All you need:
- 4 medium-sized potatoes, diced
- 1 tbsp vegetable oil
- 1 (12 oz) package salt pork, skin removed and diced
- 1 pound butter
- 2 onions, diced
- 4 stalks celery, diced
- 2 cups flour
- 1 quart clam juice (Note: You can use the clam juice strained from your clams)
- 1 quart whole milk
- 2 tbsp salt
- 1 tsp pepper
- 1 tbsp Worcestershire sauce
- Tabasco sauce, to taste (5-10 drops)
- 2 cups Responsible Choice clams, chopped
All you do:
- Add diced potatoes to a pot, and add just enough water to top the potatoes. Boil until tender, then keep potatoes in the water but remove from heat.
- Heat vegetable oil over medium heat add salt pork and render out fat for 10 to 15 minutes, or until slightly brown.
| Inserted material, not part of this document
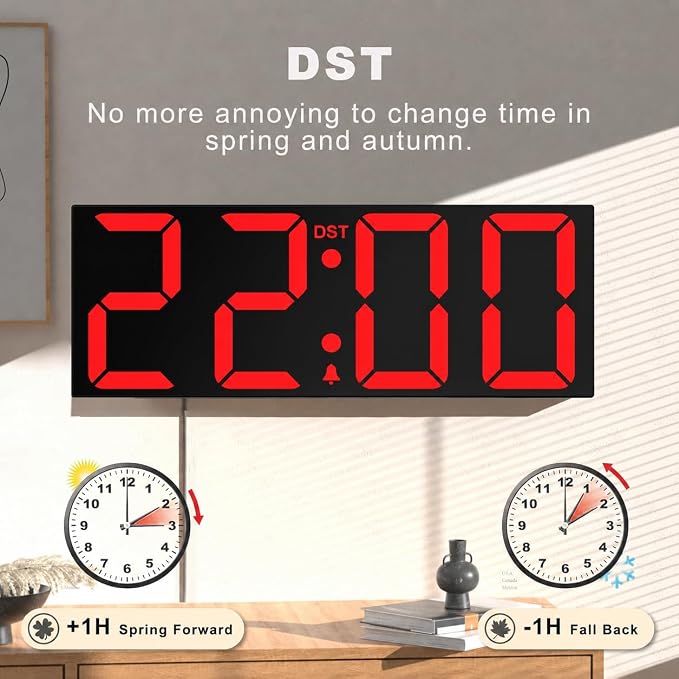 JALL 22" Large Digital Wall Clock, Big LED Display with Night Light, Auto Dimming & DST, Giant Alarm Clock for Seniors, Elderly Parents, Gift for Mom Dad (Red)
- To the salt pork pan, add butter, onions and celery. Cook for 20 minutes or until onions are translucent.
- Add flour and cook for 5 minutes. Add 1/2 quart of clam juice and stir constantly until thick. Add remaining clam juice.
- Add milk and potatoes, including the water used for boiling.
- Cook mixture for 20 minutes, stirring occasionally so as not to let mixture stick to the bottom. If the soup starts to stick, take off heat and let rest for 10 minutes, then resume cooking. Soup will taste starchy if not fully cooked.
- Add salt, pepper, Worcestershire sauce, Tabasco sauce and Responsible Choice clams. Simmer for 5 more minutes. Serve with crackers and salted butter.